The United Nations health agency said in a statement that people at high risk of contracting the disease, including the family of young boys and health workers, will receive the first dose of the vaccine produced by Merck.
WHO said that about a thousand doses of the vaccine arrived in Goma, the capital of North Kivu province in Congo, and 200 doses were sent to Beni, a city near the area where the first case was detected last week.
The new Ebola outbreak that began on October 8 came after a devastating epidemic that began in 2018, when the disease killed more than 2,200 people in this conflict-torn area-and more than 80 WHO were found Organizing responders sexually abused people during their work in the agency. Try to stop this disease.
The agency stated that one of the 15 WHO officials sent to Congo this month is an expert in preventing sexual abuse and exploitation.
“Experts will explain to WHO staff and partners how to prevent any improper and abuse,” WHO said.
An Associated Press investigation in May found that senior WHO management was notified of multiple incidents of sexual abuse but did not take action.
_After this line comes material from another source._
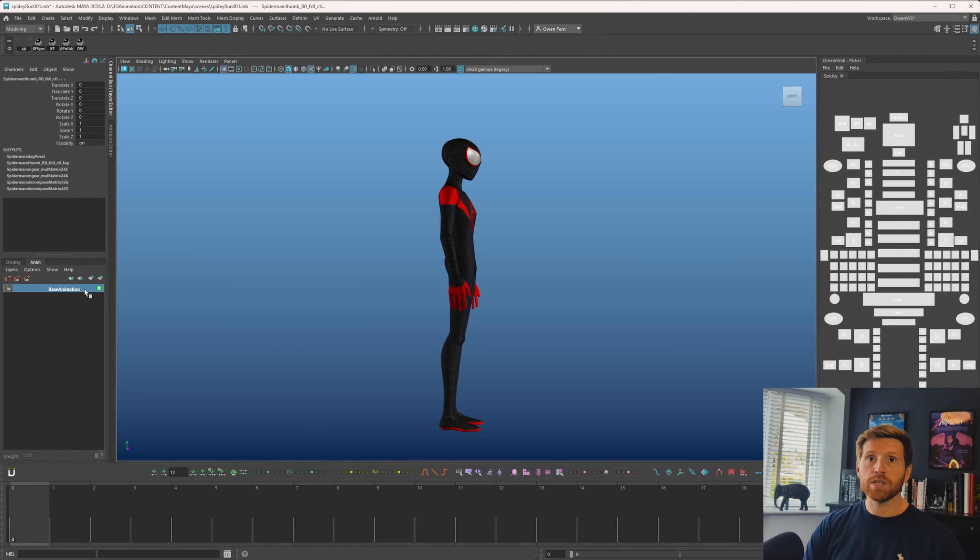I'm using Maya 2024 and Animbot, but this stuff can be used in any software. These tools are pretty much available in any software. Anything fancy I use is purely to speed things up — it's not stuff you can't do in another program. There will be a version for Blender. I want to be efficient and almost speed-run this run cycle so I can be as real-time as possible without cutting and speeding too much up.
The accused included a doctor who offered female jobs in the vaccination team in exchange for sex.
The Associated Press also found that WHO managers signed a contract to pay for a woman who was allegedly pregnant by a WHO doctor. The details were confirmed in a report released last month. The report was reviewed by a team during the earlier Ebola response to sexual abuse.
The team found more than 80 WHO responders sexually abused people in the Congo and described the basic structure and cultural issues of the agency.
WHO Director-General Tedros Tedros said that although he had visited Congo 14 times during the outbreak and was personally responsible for overseeing the response measures, he did not understand the claims of sexual abuse before the media released it.
Many countries and donors have since pressured WHO to overhaul its emergency response system and punish staff involved in the abuse; no senior management staff has since been dismissed, and an official who learned of the abuse in writing later Be promoted.